* _TASK_
Could you give again exactly, and only, the lines from the one holding "Отель Zu Den Drei Linden" through the end of the data, both ends included, with pictures left out?

* _AVAILABLE DATA_
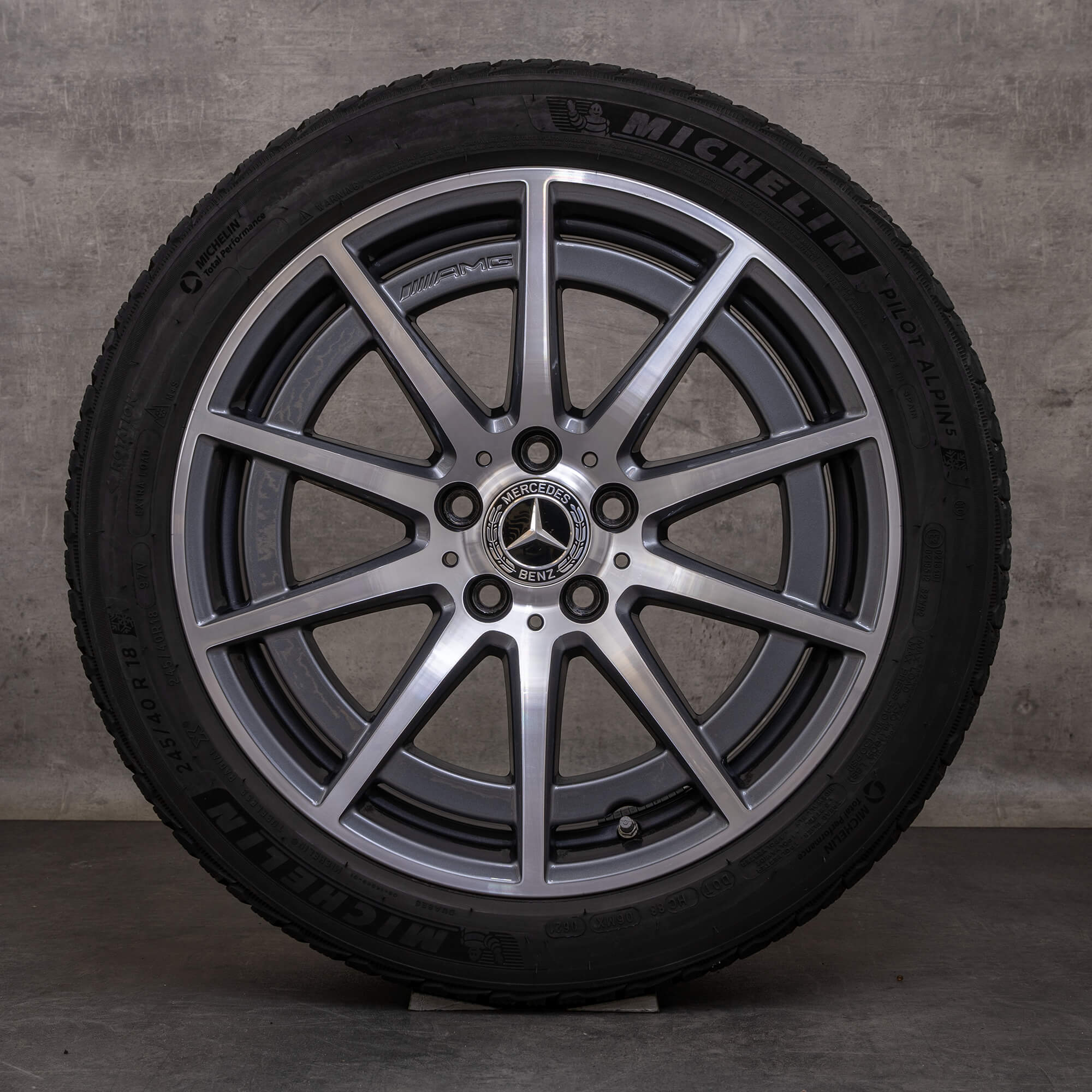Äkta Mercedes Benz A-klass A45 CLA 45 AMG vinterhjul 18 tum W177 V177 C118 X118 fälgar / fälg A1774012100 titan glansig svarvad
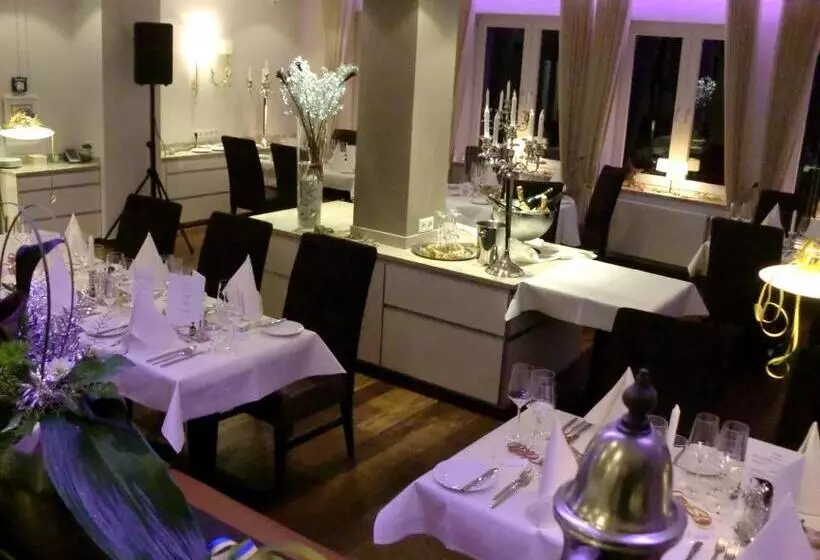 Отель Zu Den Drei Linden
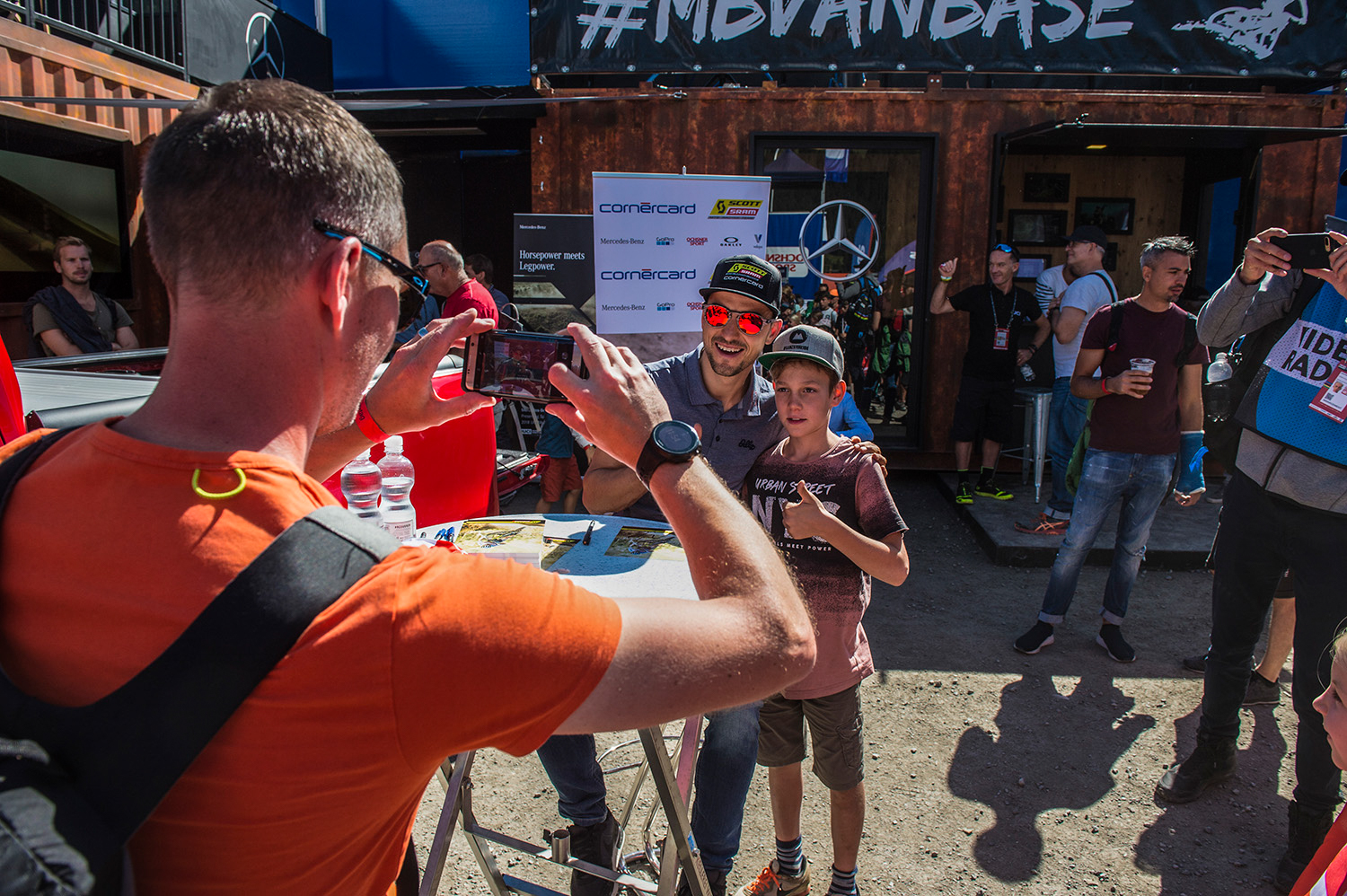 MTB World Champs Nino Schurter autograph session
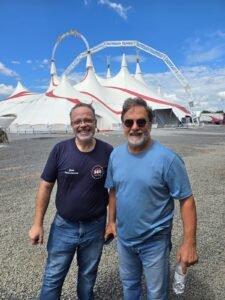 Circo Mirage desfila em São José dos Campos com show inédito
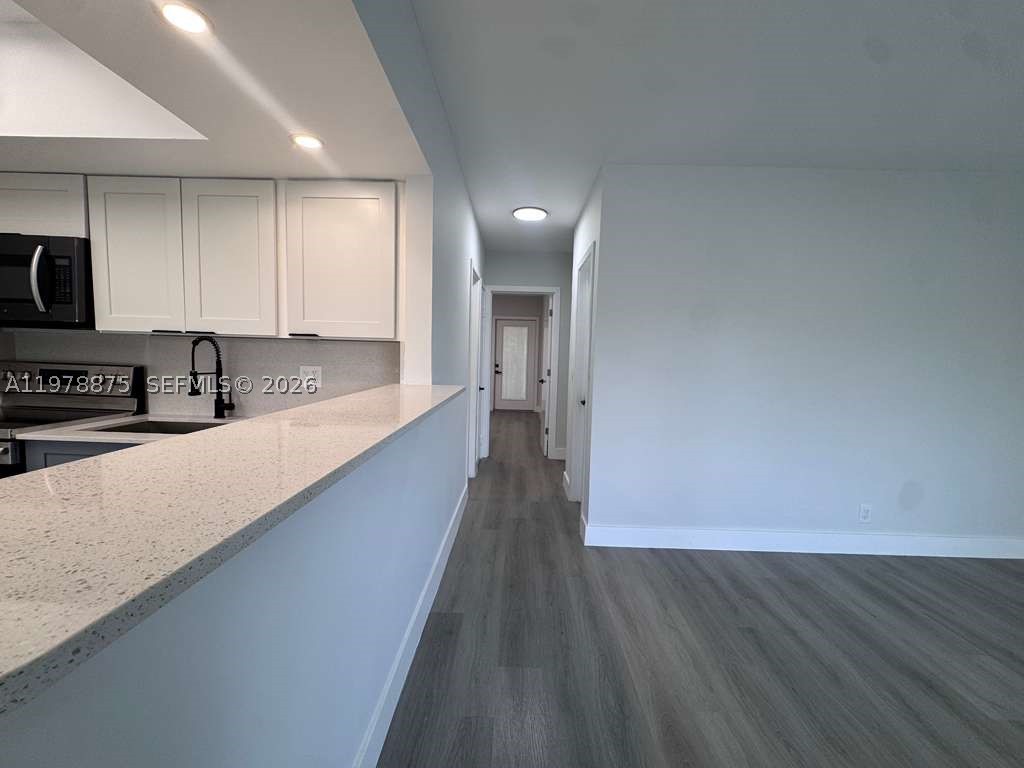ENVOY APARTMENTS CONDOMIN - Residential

* _ANSWER AREA_
 Отель Zu Den Drei Linden
 MTB World Champs Nino Schurter autograph session
 Circo Mirage desfila em São José dos Campos com show inédito
ENVOY APARTMENTS CONDOMIN - Residential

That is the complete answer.